### [DATA TO USE]
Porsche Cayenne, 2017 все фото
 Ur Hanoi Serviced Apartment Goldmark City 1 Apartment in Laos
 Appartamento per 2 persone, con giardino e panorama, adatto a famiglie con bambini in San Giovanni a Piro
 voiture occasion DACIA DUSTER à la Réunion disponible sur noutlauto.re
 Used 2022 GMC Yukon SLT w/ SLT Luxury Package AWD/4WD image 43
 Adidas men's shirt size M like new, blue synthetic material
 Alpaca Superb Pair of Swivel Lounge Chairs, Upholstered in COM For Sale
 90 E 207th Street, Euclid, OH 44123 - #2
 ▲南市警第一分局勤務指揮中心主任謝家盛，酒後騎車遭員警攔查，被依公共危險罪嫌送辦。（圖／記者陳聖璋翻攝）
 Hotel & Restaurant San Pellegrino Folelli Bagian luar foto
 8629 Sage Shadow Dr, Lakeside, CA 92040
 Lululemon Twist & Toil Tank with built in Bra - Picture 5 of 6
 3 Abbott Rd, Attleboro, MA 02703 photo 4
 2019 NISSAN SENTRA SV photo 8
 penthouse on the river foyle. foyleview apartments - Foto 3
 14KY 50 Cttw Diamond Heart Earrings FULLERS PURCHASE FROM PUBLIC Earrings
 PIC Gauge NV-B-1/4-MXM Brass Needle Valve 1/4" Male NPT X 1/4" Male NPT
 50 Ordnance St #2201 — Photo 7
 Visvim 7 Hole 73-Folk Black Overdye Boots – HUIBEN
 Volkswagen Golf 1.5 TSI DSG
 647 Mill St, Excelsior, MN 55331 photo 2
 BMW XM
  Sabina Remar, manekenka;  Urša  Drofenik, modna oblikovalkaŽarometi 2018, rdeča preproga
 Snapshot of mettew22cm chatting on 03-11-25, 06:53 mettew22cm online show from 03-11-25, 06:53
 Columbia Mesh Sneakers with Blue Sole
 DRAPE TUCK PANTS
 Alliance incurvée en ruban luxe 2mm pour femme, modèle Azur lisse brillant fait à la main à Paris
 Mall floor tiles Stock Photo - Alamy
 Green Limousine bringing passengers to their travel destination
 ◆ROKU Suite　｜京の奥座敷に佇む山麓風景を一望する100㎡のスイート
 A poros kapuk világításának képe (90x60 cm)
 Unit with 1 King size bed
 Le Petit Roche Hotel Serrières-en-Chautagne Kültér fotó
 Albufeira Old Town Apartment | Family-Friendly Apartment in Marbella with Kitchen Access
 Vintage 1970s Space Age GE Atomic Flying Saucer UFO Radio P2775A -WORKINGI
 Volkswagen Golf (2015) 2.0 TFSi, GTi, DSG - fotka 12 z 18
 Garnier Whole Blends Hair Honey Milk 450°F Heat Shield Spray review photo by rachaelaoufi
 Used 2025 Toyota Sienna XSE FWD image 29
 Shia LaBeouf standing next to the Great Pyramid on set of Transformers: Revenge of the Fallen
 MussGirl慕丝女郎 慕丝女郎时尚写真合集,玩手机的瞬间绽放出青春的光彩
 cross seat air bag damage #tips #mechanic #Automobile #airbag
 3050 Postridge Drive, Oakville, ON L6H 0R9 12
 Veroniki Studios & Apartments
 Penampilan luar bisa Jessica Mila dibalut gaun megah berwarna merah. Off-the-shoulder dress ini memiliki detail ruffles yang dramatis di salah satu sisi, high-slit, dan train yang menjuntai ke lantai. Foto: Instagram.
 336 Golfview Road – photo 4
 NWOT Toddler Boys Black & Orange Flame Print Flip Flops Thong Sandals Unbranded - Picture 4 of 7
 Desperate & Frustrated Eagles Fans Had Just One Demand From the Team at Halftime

### [PROBLEM DETAILS]
Your task is to quote, without any alteration, the lines running from the top of the records to the line that holds "Used 2022 GMC", both included.

### [OUTPUT BELOW]
Porsche Cayenne, 2017 все фото
 Ur Hanoi Serviced Apartment Goldmark City 1 Apartment in Laos
 Appartamento per 2 persone, con giardino e panorama, adatto a famiglie con bambini in San Giovanni a Piro
 voiture occasion DACIA DUSTER à la Réunion disponible sur noutlauto.re
 Used 2022 GMC Yukon SLT w/ SLT Luxury Package AWD/4WD image 43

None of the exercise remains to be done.